**YOUR TASK:** Nothing should appear in the answer except the lines below from the line containing "中古・古着通販】LEVI'S (リーバイス) デニムパンツ ボタンフライ J22" through the line containing "Five Dock 4Zimmer", copied exactly, with pictures left out.

*** EXTRACTED INFORMATION Section Begins ***

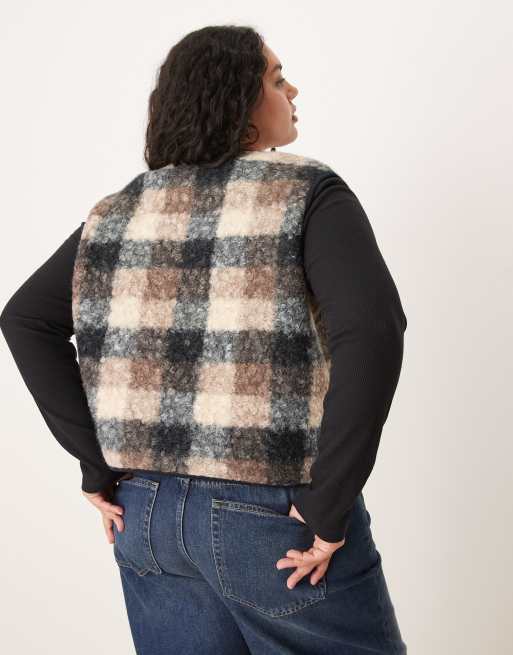 ASOS DESIGN Curve – Weste aus Teddyfleece mit Karomuster und Schleifen, 4 von 4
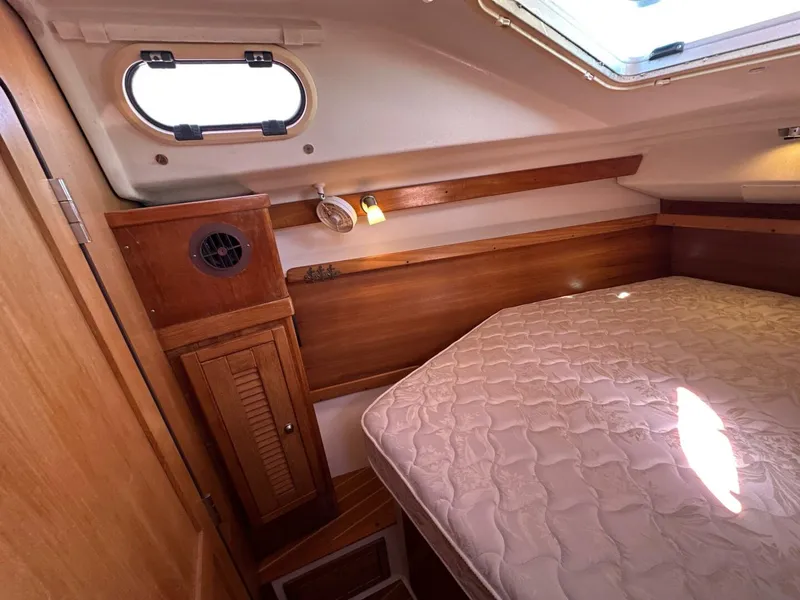 Slide: The Image of Catalina 350 2005 - 5545853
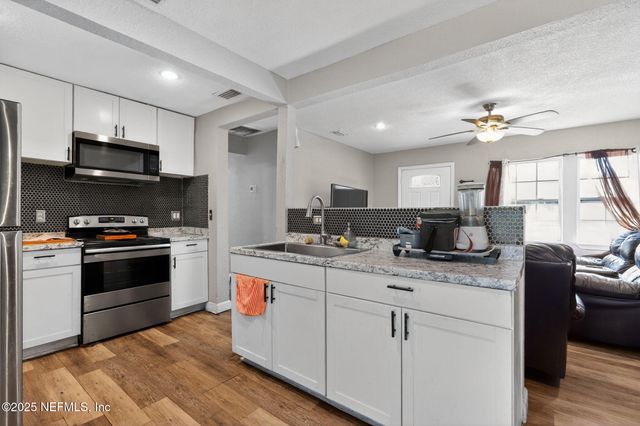 2181 W 17TH Street, Jacksonville, FL 32209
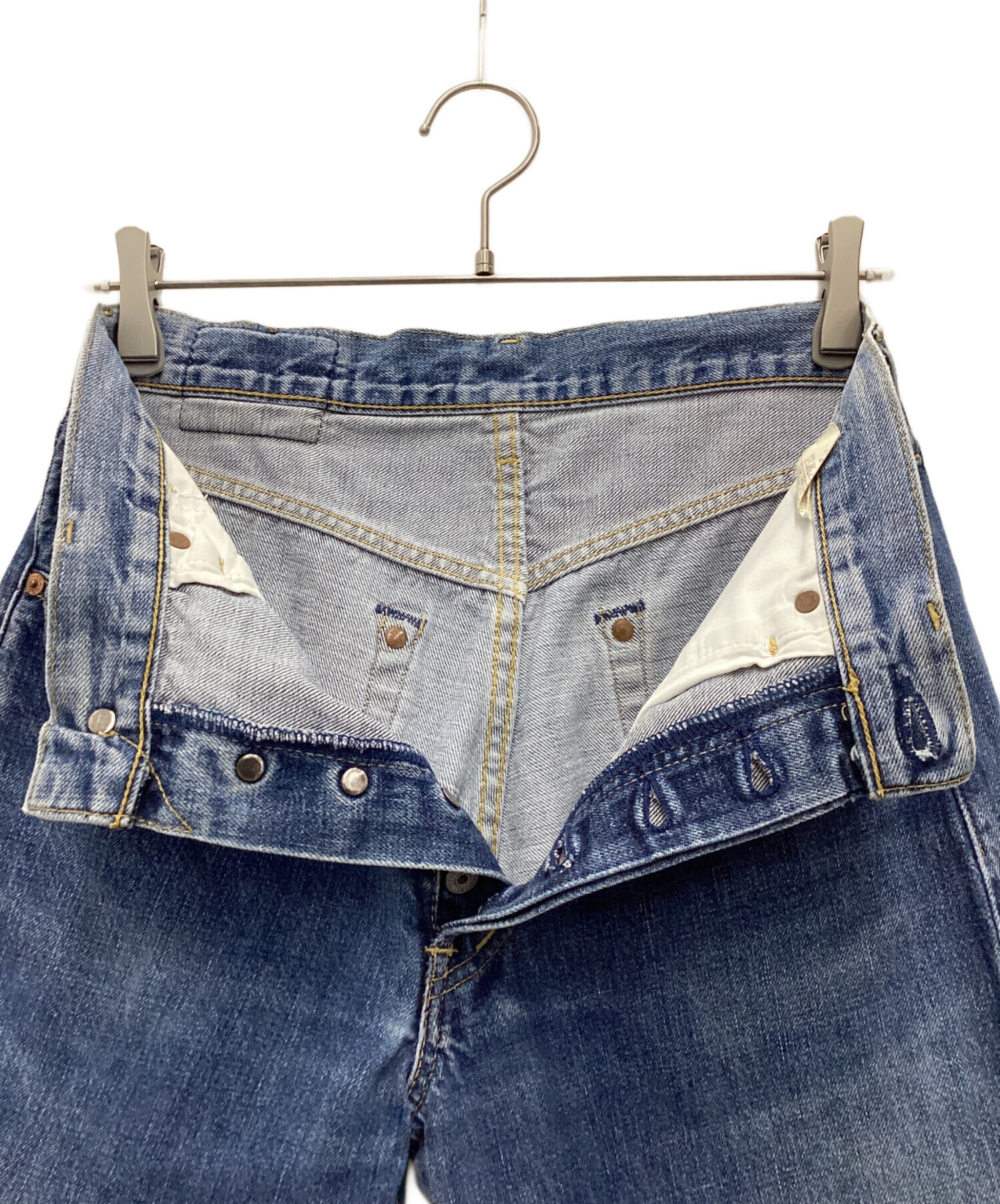 中古・古着通販】LEVI'S (リーバイス) デニムパンツ ボタンフライ J22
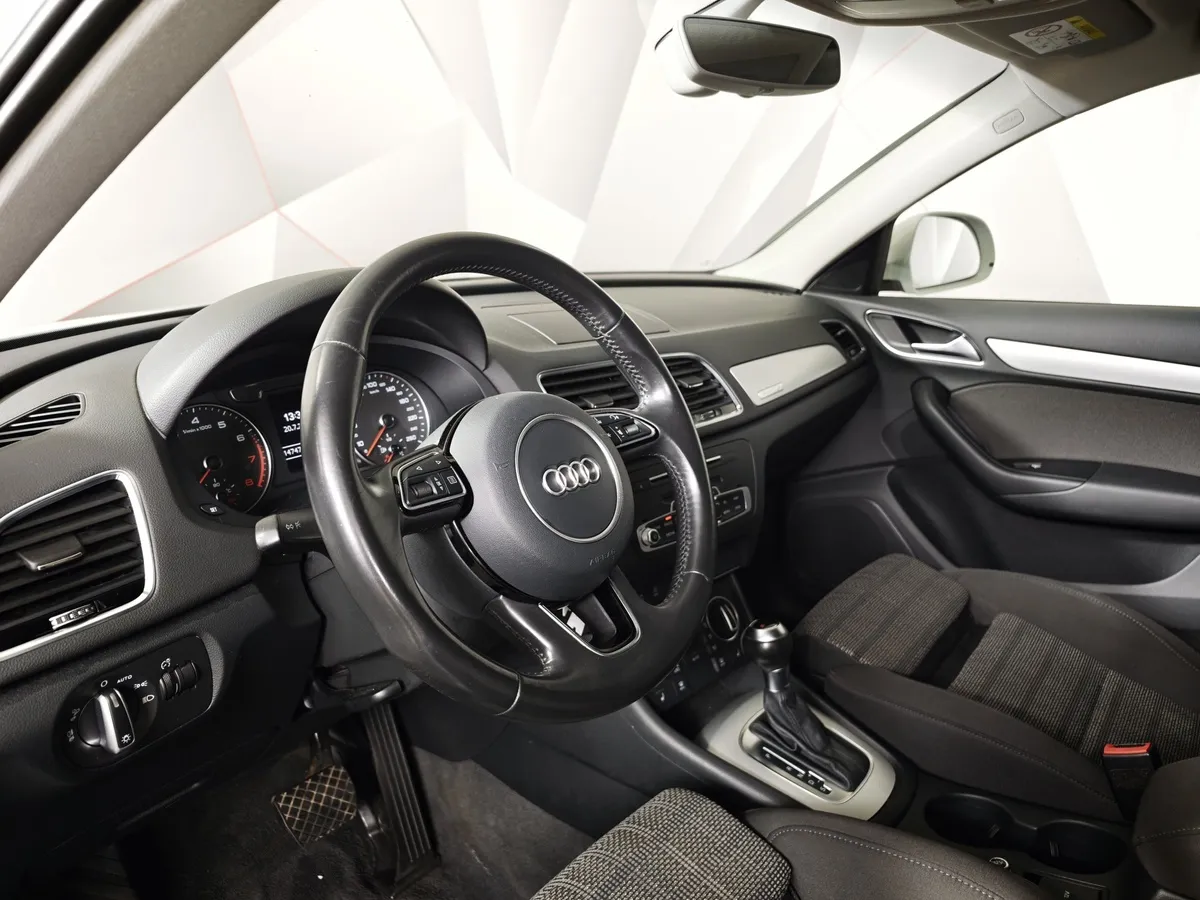 Audi Q3 2.0 TFSI S tronic quattro (180 л.с.) Design Белый в АВИЛОН. Слайд №18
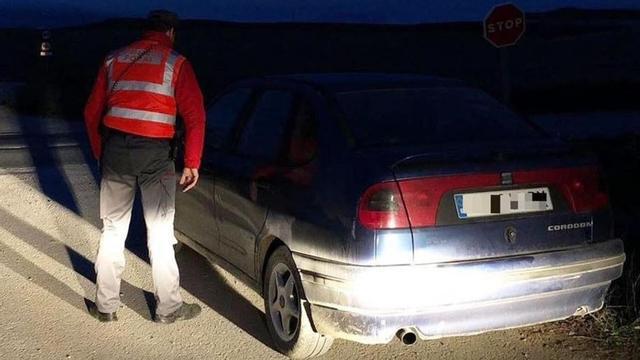 Un conductor sin carnet da positivo en alcohol y en cinco drogas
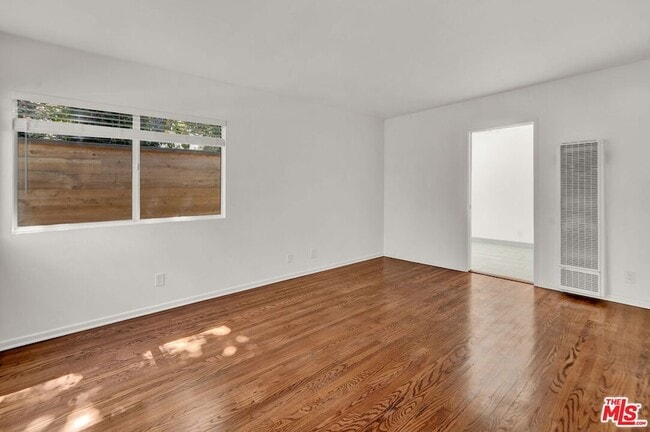 Photo - 950 Euclid St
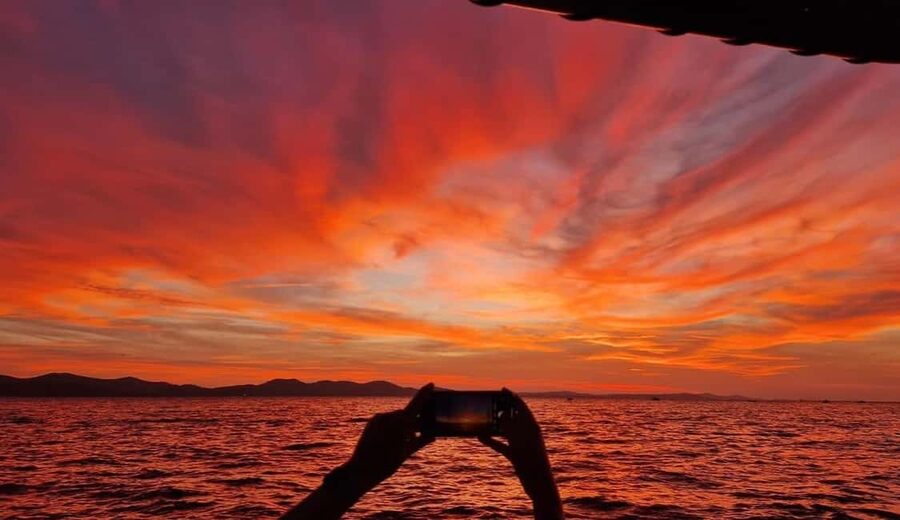 Zadar: Romantic Luxury Sunset Boat Tour with Aperol Spritz - Passing the Sea Organ and the old town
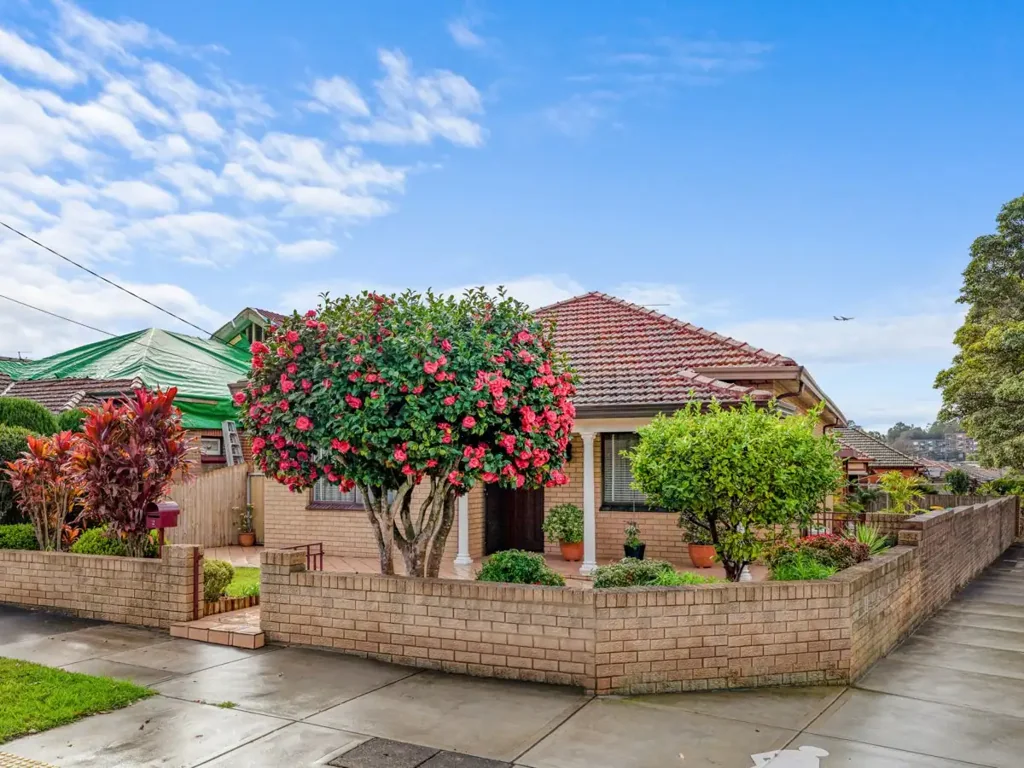Five Dock 4Zimmer Lifestyle opportunity in a blue-chip harbourside position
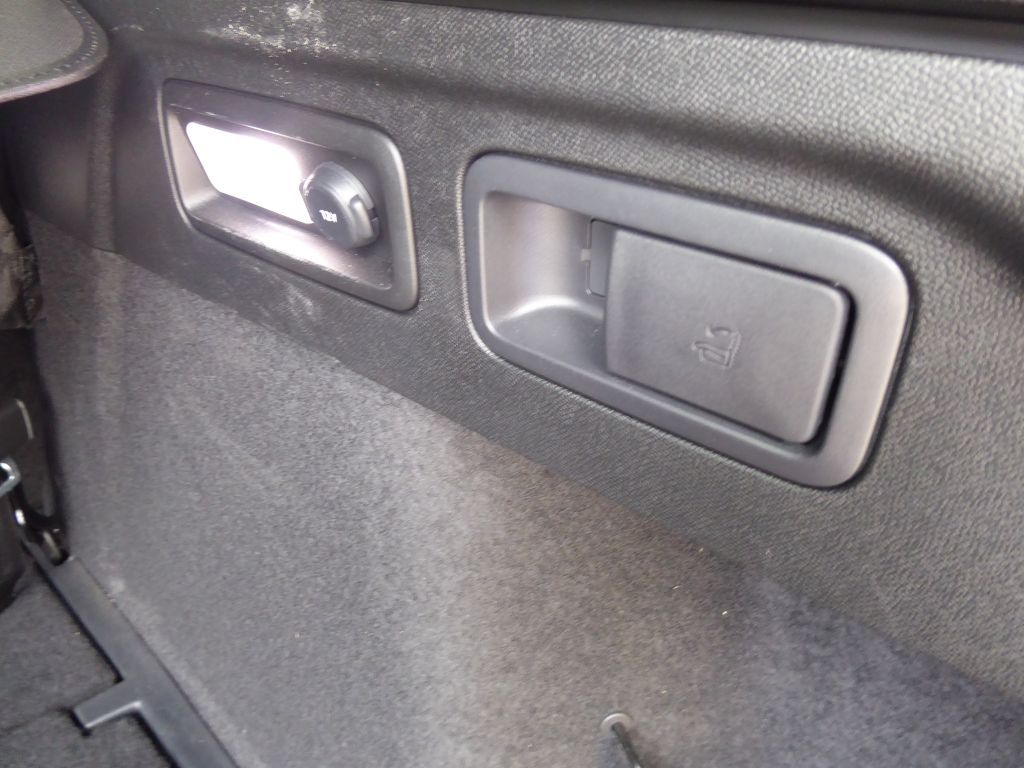 Fahrzeugabbildung Opel Astra ST Ultimate 1.2 Turbo Aut+AHZV+MatrixLED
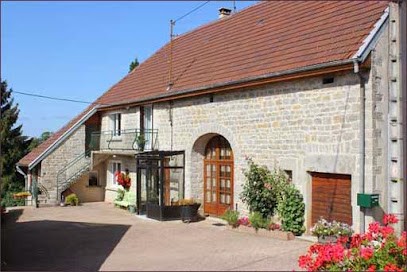 Jura Cottage Rental, Gîte à Buvilly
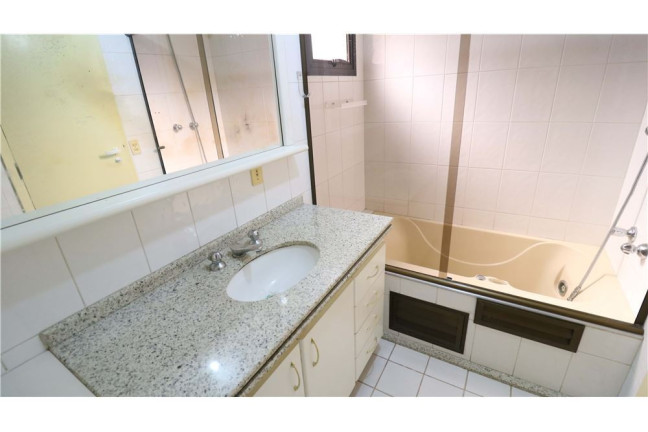 Imagem Apartamento com 4 Quartos à Venda, 139 m² em Vila Suzana - São Paulo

*** EXTRACTED INFORMATION Section Ends ***

**EXERCISE RESPONSE:**
 中古・古着通販】LEVI'S (リーバイス) デニムパンツ ボタンフライ J22
 Audi Q3 2.0 TFSI S tronic quattro (180 л.с.) Design Белый в АВИЛОН. Слайд №18
 Un conductor sin carnet da positivo en alcohol y en cinco drogas
 Photo - 950 Euclid St
 Zadar: Romantic Luxury Sunset Boat Tour with Aperol Spritz - Passing the Sea Organ and the old town
Five Dock 4Zimmer Lifestyle opportunity in a blue-chip harbourside position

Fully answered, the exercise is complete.